The last broad blind tasting we conducted of midrange American Merlot -- wines that cost from $20 to $50 -- was three years ago. It was clearly time to revisit them. We bought more than 50 from store shelves. We focused on the 2004 and 2005 vintages, because those are the ones you are most likely to see. Most of the wines, which came from California and Washington, are well-known names, but we also included some small-production wines that we happened to run across. As always, we were not looking for "America's best midrange Merlot," but were trying to get a sense of the current state of the wine.

We couldn't help but notice that the Merlot price gulf is growing. With competition in this part of the market quite keen -- everyone makes Merlot these days, but fewer people are drinking it -- there are loads of Merlots available for less than $20. Many of the best Merlots, meantime, have risen above $50. Our long-time favorite, Paloma, for instance, is around $65 and our best-of-tasting last time, Duckhorn, has crept up beyond $50. Still, we had no problem getting plenty of wines for a blind tasting.

We were not pleased. The wines were generally leaden, clumsy, hard to drink, charmless, alcoholic and uninteresting. After our first flight, we wrote of one common characteristic: "Oak for oak's sake, an overlay of it, not integrated. Like someone put a drop of oak into the wine and it's floating on top." Yech. After the second flight, in which the wines had a remarkably consistent blahness, we wrote: "It's like they've made mediocre Merlot into an art form."

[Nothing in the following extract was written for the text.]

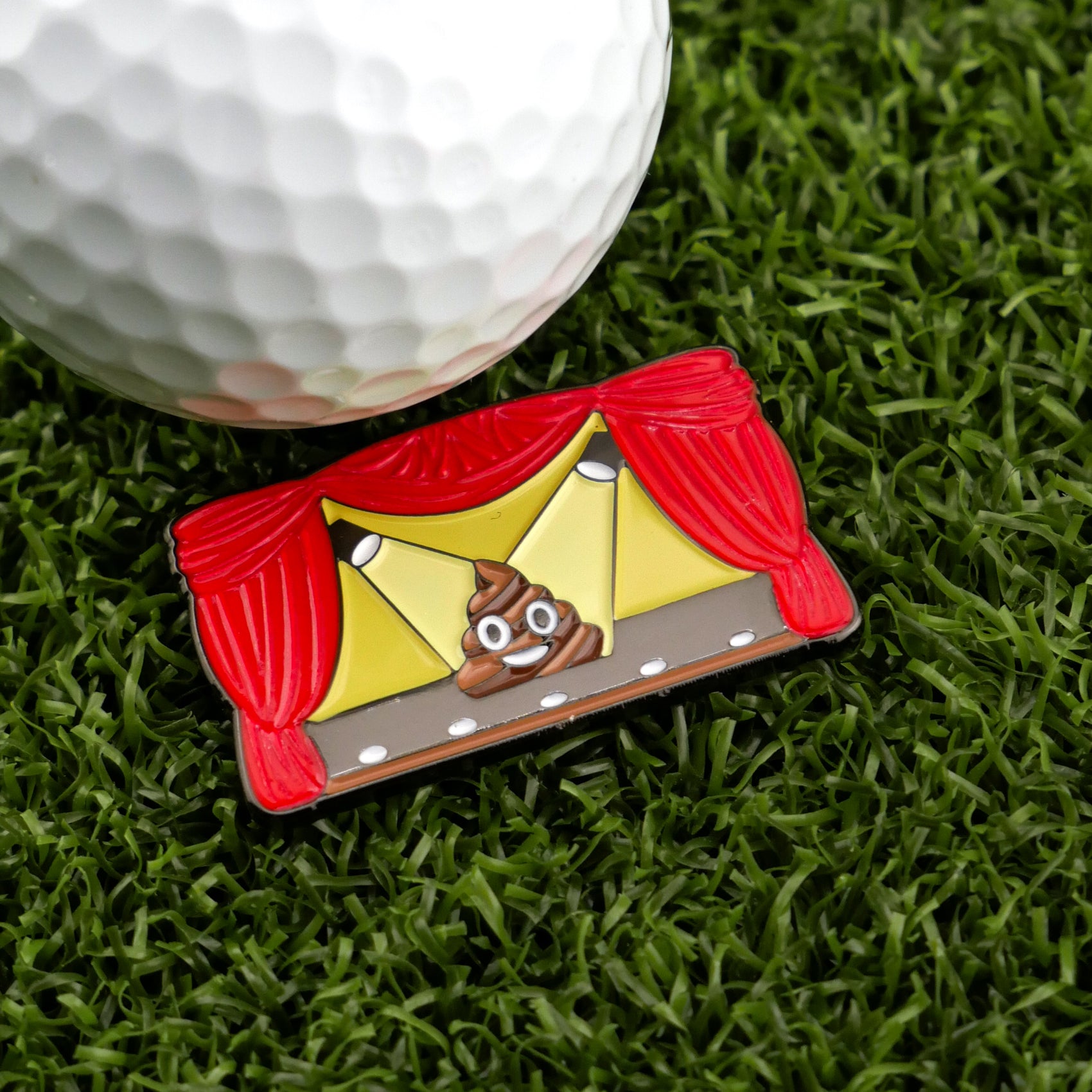 The Sh*t Show pin from Logie Joe's Golf features a poop emoji onstage with red curtains and yellow backdrop—perfect as a funny golf accessory or unique ball marker, shown next to a golf ball on artificial grass.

We were well into our tasting before we finally had a wine that rated Very Good. "Tight blueberry, blackberry fruit. Dark, minerally and dry. Tight and classy. Young. Lots of mouth-coating chocolate." This was a wine that reminded us that Merlot is noble, one of the world's great grapes, the grape of world-class wines like Chateau Petrus, a key ingredient in many of the world's most-famous reds. When we unbagged the wines, we were surprised to discover that this was Kendall-Jackson "Grand Reserve" 2004, which cost $21.99. K-J helped stoke America's thirst for wine with its approachable and reasonably priced varietals and for that we and all wine-lovers should be grateful. But we wouldn't have guessed this giant winery would have done so well against so many wineries with far smaller production and more highly regarded reputations, including so many names that make us smile.

Deep into the tasting, we finally had a second wine that rated Very Good. "Fresh, clean and crisp, with good balance, good acidity, ample fruit and earth," we wrote. This turned out to be ...

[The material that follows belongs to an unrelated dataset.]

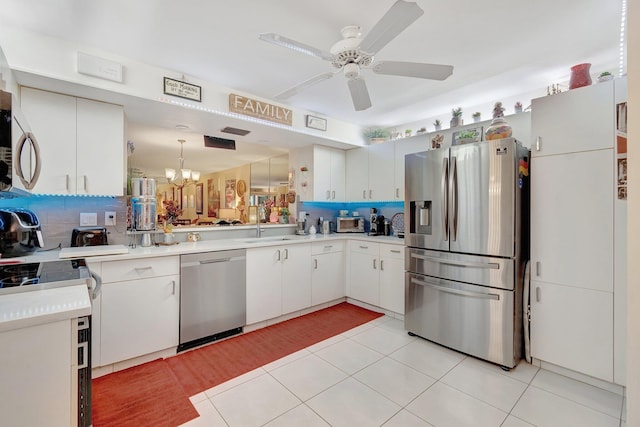 kitchen featuring ceiling fan with notable chandelier, white cabinetry, backsplash, and appliances with stainless steel finishes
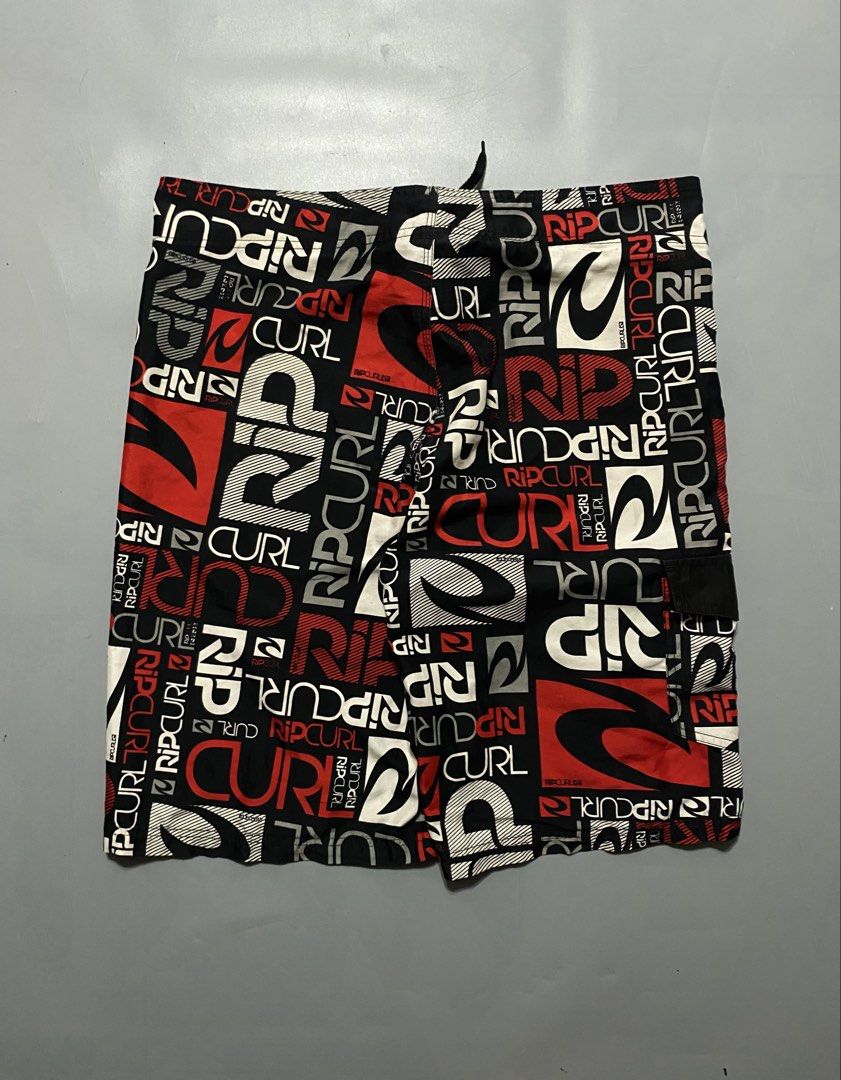 Vintage Rip Curl Board Shorts (Category: Swim Trunks & Board Shorts) located in Manila. Submitted by delunakenn94368 (Listing ID 1467509323, Image 2). Description: - Authentic Rip Curl board shorts - Striking all-over logo print in black, red, and white - Secure drawstring waistband with lace-up closure - Convenient side cargo pocket with button flap - Lightweight, quick-dry fabric ideal for surfing, swimming, and beach days - Refer to tag for ex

Kendall-Jackson "Grand Reserve" 2005. It also cost $21.99. We bought another bottle each of the 2004 and 2005 K-J and included them in later flights and our notes were consistent.

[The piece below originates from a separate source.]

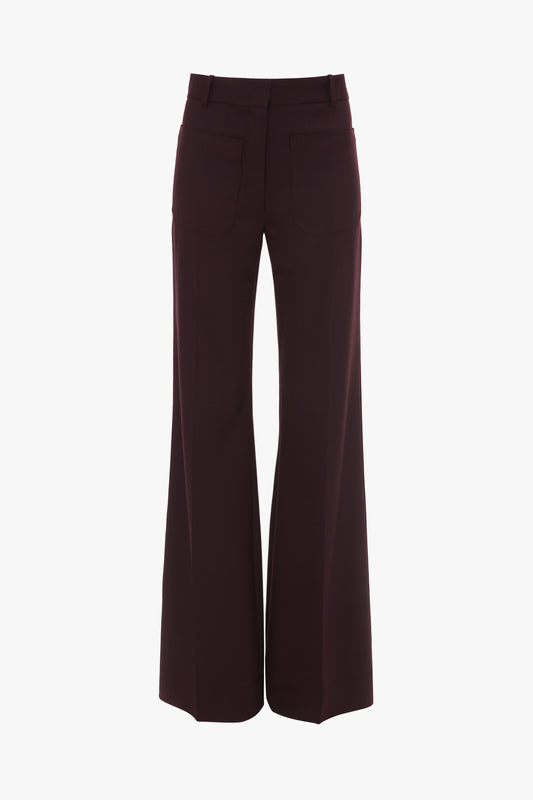 Back view of the Victoria Beckham Alina Trouser In Deep Mahogany, made from recycled wool, featuring two back pockets and belt loops.
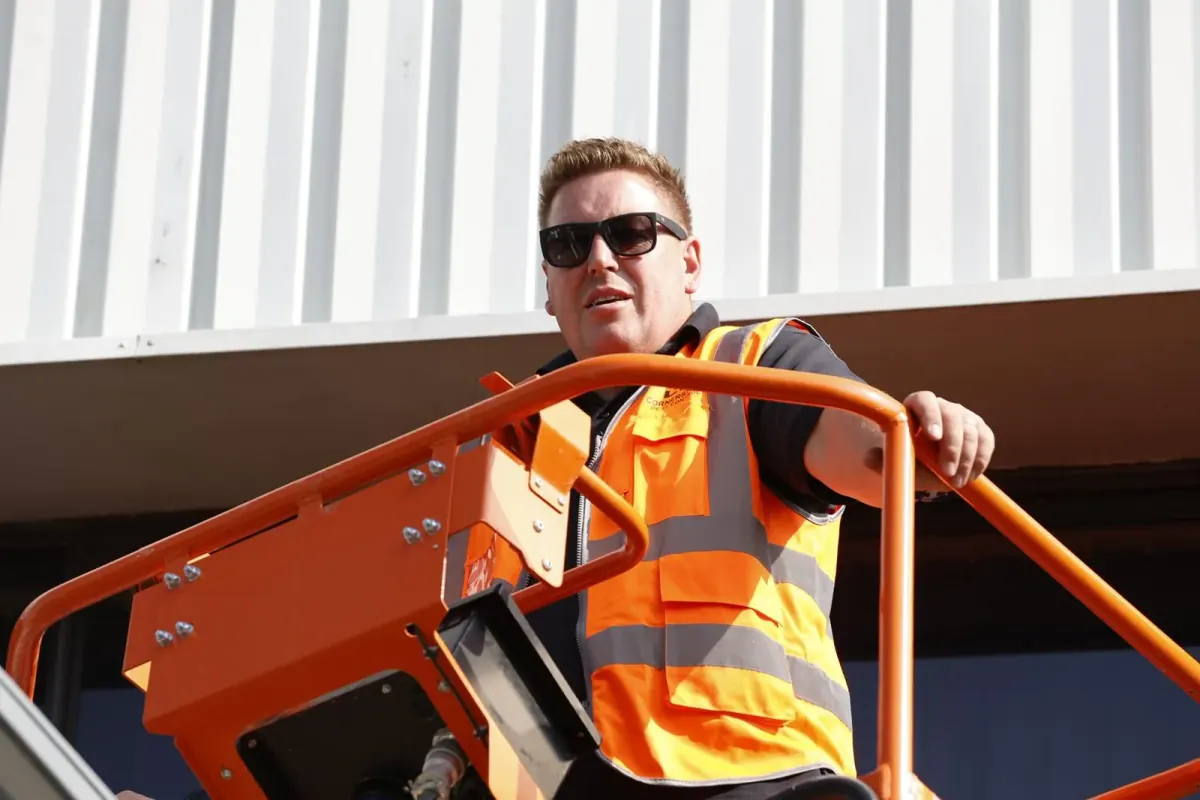A Cornerstone Pest Control technician in hi-vis and safety glasses working from a powered access platform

Kendall-Jackson says it made 8,700 cases of the 2004 (which was 4 percent Cabernet Sauvignon) and 24,198 cases of the 2005 (which was 10 percent Cabernet). It was distributed nationwide. How can it make such a good Merlot in such quantities and at such a low price when so many others fail? We called George Rose, a spokesman for Kendall-Jackson, and he told us that the fruit came from mountain vineyards where Merlot does extremely well, while many other wineries plant in valleys and produce so-so fruit.

"We own some pretty spectacular mountain ridges," he said. As for the threefold increase in production from 2004 to 2005, he said that years ago when consumer demand for their Merlot was strong, they planted more and those vineyards just came online with the 2005 vintage. "We could see what was happening. When everyone was proclaiming the death of Merlot, it simply wasn't the case for our company," he said.

Others that rated well include Markham Vineyards 2004 (Napa Valley; $20), Cuvaison Estate Wines 2004 (Carneros, Napa Valley; $27). Franciscan 2004 (Napa Valley; $20) and Provenance Vineyards 2004 (Napa Valley; $26.95).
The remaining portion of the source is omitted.